La extensión de los cultivos de palma van ganando terreno a través de la compra, arriendo o acuerdos con los finqueros-ganaderos para ocupar los potreros ociosos3, mientras las comunidades q’eqchies resisten, luchan y buscan la manera de reproducirse en las tierras del Valle, unos buscando tierras baldías, otros se refugiaron en la sierra y viven con amenazas de desalojo, intentando realizar convenios con los conservacionistas; o se opta por la negociación directa con los “dueños”.

En la Alta Verapaz, el peso de la producción campesina es más significativo que a nivel de Guatemala. El departamento destina el 78 por ciento del área cultivada a la producción agrícola de autoconsumo y un 22 por ciento a productos de exportación (INE-Guatemala, 2003). Por otro lado, la frontera del sistema agrario se encuentra estabilizada, ya sea por la creación del área protegida Reserva de la Biosfera Sierra de las Minas4, por el proceso de reconcentración de la tierra y/o por las dificultades que encuentran las comunidades para acceder a suelo productivo en un mercado de tierras (sobre los impactos de la reforma agraria asistida por el mercado, ver Garós et al, 2005). A consecuencia de esto, estrategias productivas tradicionales, como la roza y quema, han reducido de manera drástica los periodos de rotación de cultivos. Lo cual puede traer importantes consecuencias ecológicas si no se toman las medidas adecuadas.

1Ingenio que fue trasladado del Ingenio Guadalupe desde la Costa Sur de Guatemala en el 2005 por el aumento en la competencia de tierras con otros Ingenios. Este año realizó la primera zafra, sin terminarla y con grandes pérdidas económicas.

2INDESA comenzó a sembrar en 1998 y continúa extendiendo el cultivo de palma por el valle.

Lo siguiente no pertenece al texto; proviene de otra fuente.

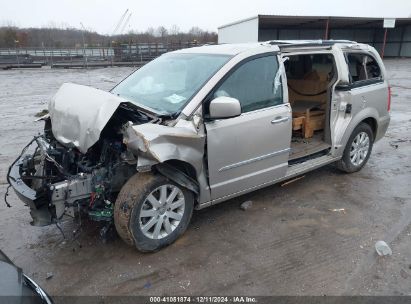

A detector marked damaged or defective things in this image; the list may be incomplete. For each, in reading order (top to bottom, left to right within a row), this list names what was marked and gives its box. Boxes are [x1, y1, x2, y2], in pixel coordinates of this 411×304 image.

bent hood [48, 82, 126, 153]
severely damaged minivan [7, 41, 392, 253]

3En el caso de la empresa de caña de azúcar, éstos ya han adquirido alrededor de 5 mil hectáreas de tierra, de las cuales ya se han plantado unas 2 mil doscientas hectáreas. Por lo tanto la expansión de las plantaciones de caña se realizarán en sus propios terrenos

4Reserva de Biosfera Sierra de las Minas declarada el 4 de octubre de 1990, en base al Decreto Ley 40-90, quedando la misma bajo la administración del Consejo Nacional de Áreas protegidas y coadministrada hasta la fecha, por la fundación Defensores de la Naturaleza.